Ignatius of Loyola is credited with saying: “Do everything you can with the idea that everything depends on you, and then hope for results just as if everything depended on God.”

It will be found that the sanest, most catholic and liberal exponents of each school of healing generously admit the value of other schools and the limitations of their own. The responsible healer of the future, who truly respects his honorable calling, will employ all beneficial, constructive agencies at the disposal of science. Thus, we have an eminent occultist saying:

“In cases of misplacement, dislocation, or broken bones, the quickest way to obtain relief is to send for a competent physician or anatomist and have an adjustment made of the injured member or organ. In cases of disruptions of blood-vessels or muscles, a surgeon’s aid should be immediately sought; not because mind is unable to cure any or all of these cases, but because of the fact that at the present time, even among educated people, mind is many times impotent through misuse or non-use. Mental treatment should follow these physical treatments in order to obviate unnecessary suffering and to obtain rapid recovery.”

We can not do better than to quote, Sir William Osler, Bt., M. D., F. R. Sx.:

“The salvation of science lies in a recognition of a new philosophy--the scientia scientiarum of which Plato speaks: ‘Now when all these studies reach the point of intercommunion and connection with one another and come to be considered in their mutual affinities, then, I think, and not till then, will the pursuit of them have a value.’” “The Old Humanities and the New Science.”

Scientists assume that there is one substance only, and therefore their deduced science is the science of that substance, and none other; and yet they are confronted with the fact that their one substance is differentiated, and that when they come to the finest degree thereof, as for instance bioplasm, we are brought face to face with the operation of higher laws than they are familiar with, or can adequately explain.

Many scientists, however, with a broader view, are beginning to glimpse a “fourth dimension,” and recognize the fact that there may be degrees of matter which are utterly beyond their chemical tests and microscopic lens.

But a new day is dawning, the telephone, the telegraph and the wireless are now coming into general use and it is now possible to make use of every avenue of information and knowledge.

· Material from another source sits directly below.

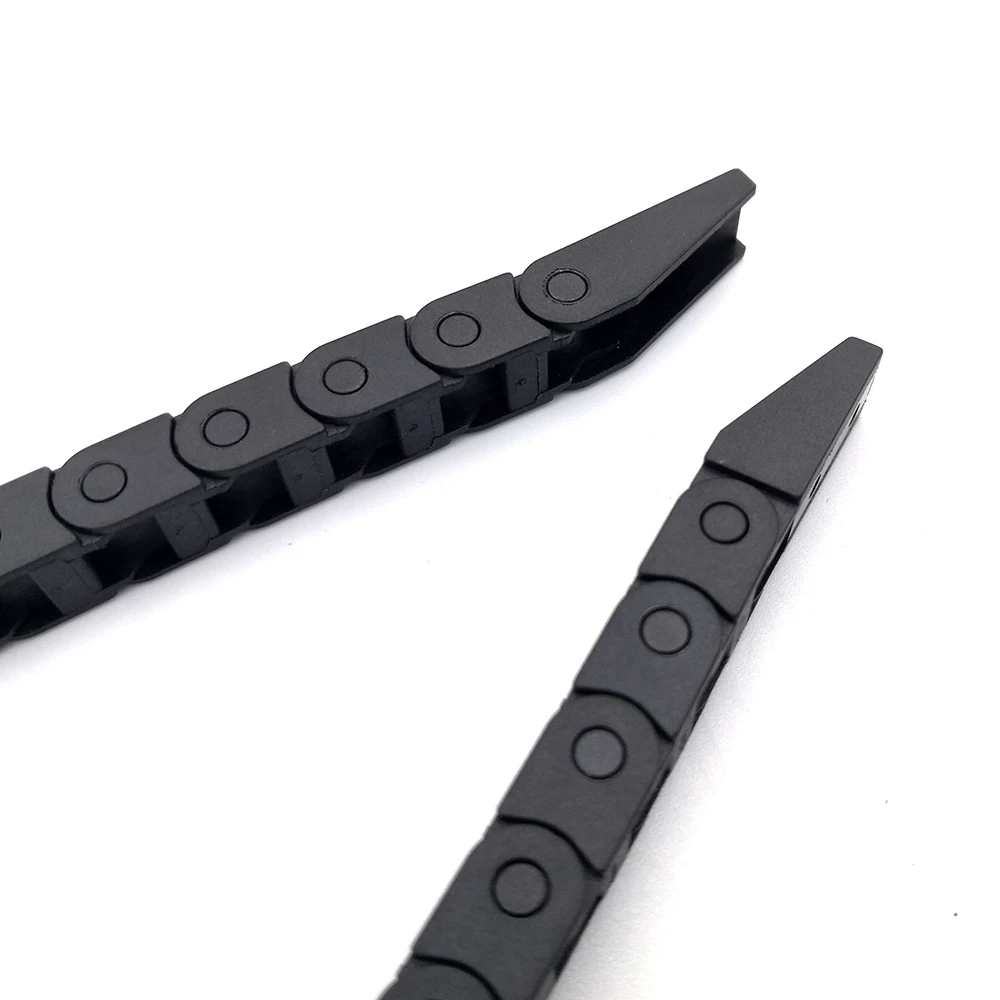 5x5mm Wire Carrier Cable Drag Chain 1 Meter for CNC Router Engraving Machine Roller Plastic Transmission Tanks plastic cable chain,cable carrier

It is therefore but a question of time when the sick will have the benefit of all that is known in the art of healing.

The physician frequently loses his patient because he refuses to recognize the spiritual nature of the patient, and that because of his spiritual nature there are certain fundamental laws governing in the spiritual world, and that these laws continue to operate whether he recognizes them or not, and the metaphysician frequently loses his patient because he refuses to recognize that the body of the patient is the material manifestation of the spirit within, and that the condition of the body is but an expression of the spirit.